■ **Task brief**:
Leaving out the pictures, output each record exactly as it stands.

===== Records supplied

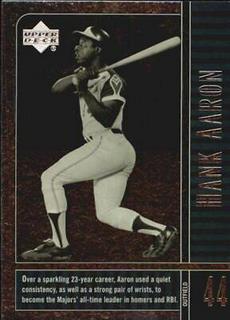 Hank Aaron
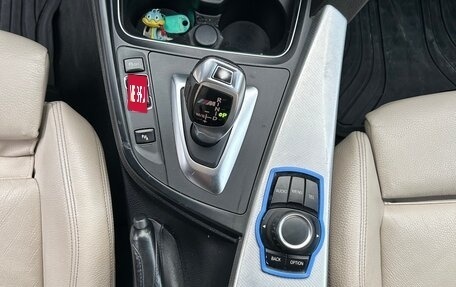 BMW 3 серия, 2015 год, 1 500 000 рублей, 18 фотография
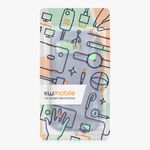 Laptop, Telefoane si Tablete - Telefoane mobile si accesorii - Accesorii Telefoane - Huse telefoane - Husa Kwmobile pentru Google Pixel 9, anti-alunecare, silicon, gri-lavanda - Infinity.ro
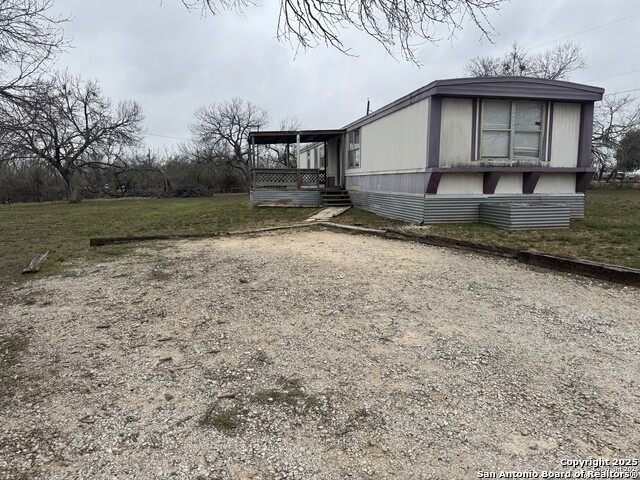 6060 Mount Olive Property Photo 1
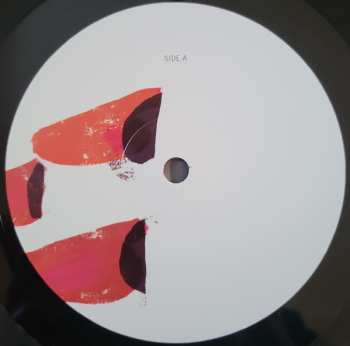 3LP/Box Set Fire! Orchestra: Echoes LTD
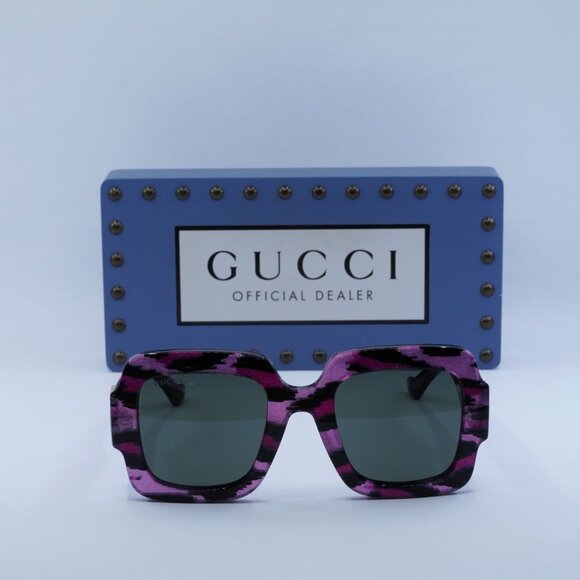 Final Price! Gucci GG1547S 003 Sunglasses - Picture 2 of 10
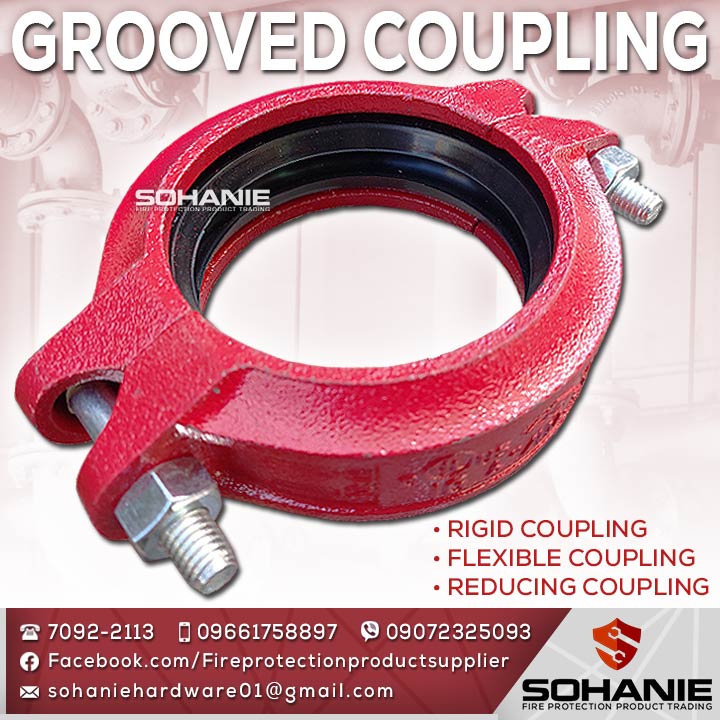 Fir... - Fire Protection Supplier Plumbing, Valves & Fittings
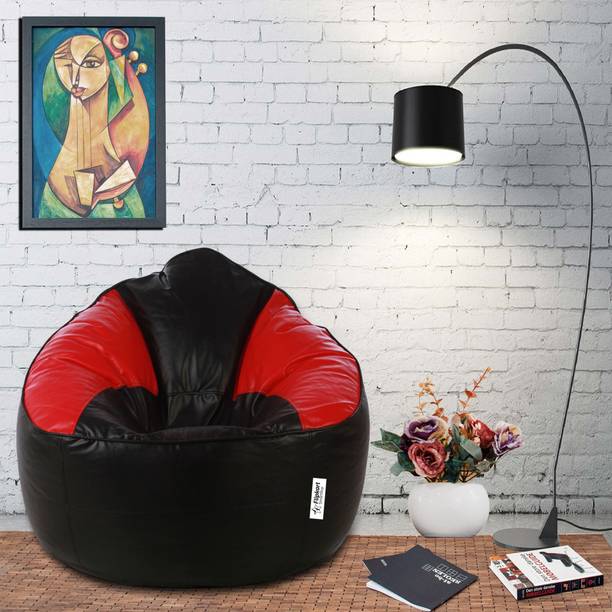 Xxxl Bean Bags Online at Discounted Prices on Flipkart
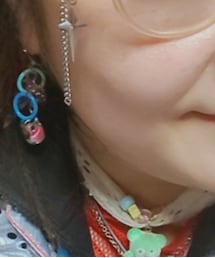 Handmade | イヤリング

==========

■ **Solution**:
 Hank Aaron
 BMW 3 серия, 2015 год, 1 500 000 рублей, 18 фотография
 Laptop, Telefoane si Tablete - Telefoane mobile si accesorii - Accesorii Telefoane - Huse telefoane - Husa Kwmobile pentru Google Pixel 9, anti-alunecare, silicon, gri-lavanda - Infinity.ro
 6060 Mount Olive Property Photo 1
 3LP/Box Set Fire! Orchestra: Echoes LTD
 Final Price! Gucci GG1547S 003 Sunglasses - Picture 2 of 10
 Fir... - Fire Protection Supplier Plumbing, Valves & Fittings
 Xxxl Bean Bags Online at Discounted Prices on Flipkart
 Handmade | イヤリング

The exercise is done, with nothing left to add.